Reproduce exactly the lines of this material that begin at the line with "புகழின் முகத்தை பச்சை" and end at the line with "ステアリングを握る筆者。セダンボディーでは、ステアリング位置が左右とも選べる。", both included. Omit the pictures and everything else.

> Dataset extract:

....................

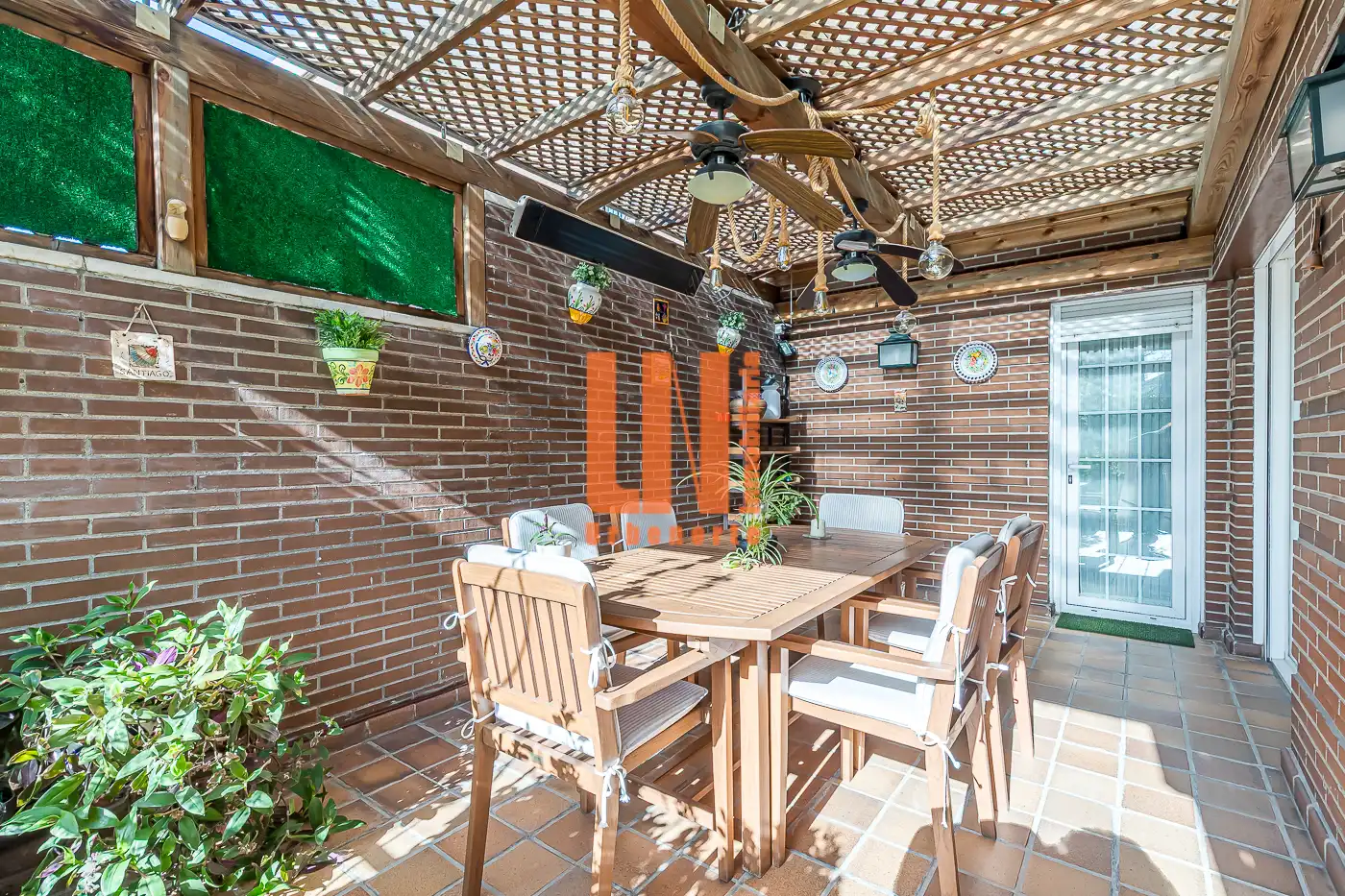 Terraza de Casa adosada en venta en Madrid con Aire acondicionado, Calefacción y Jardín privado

....................

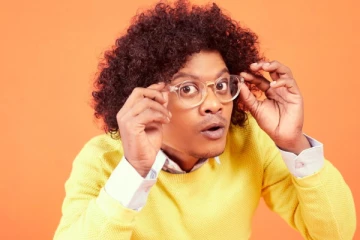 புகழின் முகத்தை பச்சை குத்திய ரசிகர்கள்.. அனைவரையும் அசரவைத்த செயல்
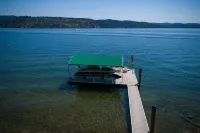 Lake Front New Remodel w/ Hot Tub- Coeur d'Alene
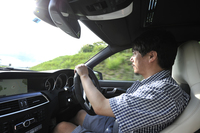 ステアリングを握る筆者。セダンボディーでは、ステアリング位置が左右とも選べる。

....................

> Answer below:
 புகழின் முகத்தை பச்சை குத்திய ரசிகர்கள்.. அனைவரையும் அசரவைத்த செயல்
 Lake Front New Remodel w/ Hot Tub- Coeur d'Alene
 ステアリングを握る筆者。セダンボディーでは、ステアリング位置が左右とも選べる。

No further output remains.